BM Komutanına Hizbullah’ı silahsızlandır diye bir yetki vermiyor. Ordu ve Polisin dışında hiç kimse silahla ortada dolaşamayacak. Bunlar kendi aralarında vardıkları mutabakatlardır. Buna muhalif görev istenemeyecek. Lübnan içerisinde silahla dolaşanları Lübnan ordusu engelleyecek.
Bizim öngördüğümüzün dışında bir görev verilmek istenirse biz oradaki güçlerimizi geri çekeriz. İnsani yardım görevimizi savaş sırasında da yaptık. Bunun gibi faaliyetleri yapmak için gidiyoruz. Ancak risk her zaman var.
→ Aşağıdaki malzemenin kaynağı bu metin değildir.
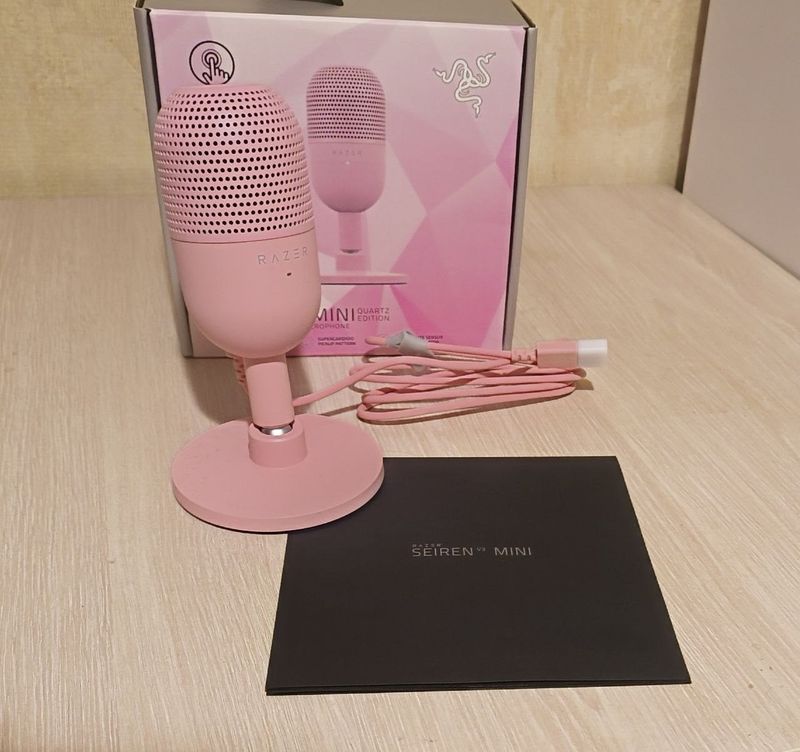 Микрофон Razer Seiren mini V3 Quartz, розовый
Biz niçin askerimizi Lübnan’a gönderiyoruz. PKK konusunda bize hiçbir kimse yardım etmezken? Deniliyor.
Baykal ve arkadaşlarını bilgilendirdik. CHP Dışişleri Bakanlığımızdan istediler. Herkes bilgilere dayanılarak eleştirilerini yapsın dedim. Bunlar gayet normal şeylerdir.
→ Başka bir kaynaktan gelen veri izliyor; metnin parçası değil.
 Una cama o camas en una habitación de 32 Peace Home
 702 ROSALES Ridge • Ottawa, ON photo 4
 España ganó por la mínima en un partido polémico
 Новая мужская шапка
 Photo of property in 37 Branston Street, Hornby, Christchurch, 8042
Terörle mücadeleye devam edeceğiz. Terörün kendi içerisindeki boyutları da çok farklı olur. Acıların daha da büyümemesi için istikrara katkı sağlamamız gerekir. Türkiye bunun üstesinden gelecektir.
Lübnan siz herkes ile konuşabilen tek ülkesiniz dediler.. Bunun için İsrail’de Lübnan’da orada olmamızı istedi.
Biz oraya gidersek ona düşman başkasına taraftar olacak değiliz. Biz orada barışı sağlamak için olacağız.
Şehit cenazelerinde çok sert tepkiler gelmeye başladı.?
Hiç bir ülke kendi güvenliğinin başka bir ülkeye emanet etmez. Bizdeki terörün farklı bir yönü olsa da terör terördür. Bununla mücadelede bütün yollar kullanılmaktadır. Jandarmadan bize telefon geldiğinde yüreğimiz sızlar acaba bir şehit var mı? Türkiye de terör yapmaya hiç bir kimseye hakkı yoktur. Bütün güvenlik kuvvetlerimiz dikkatli ve uzun soluklu bir çalışma içerisindedir."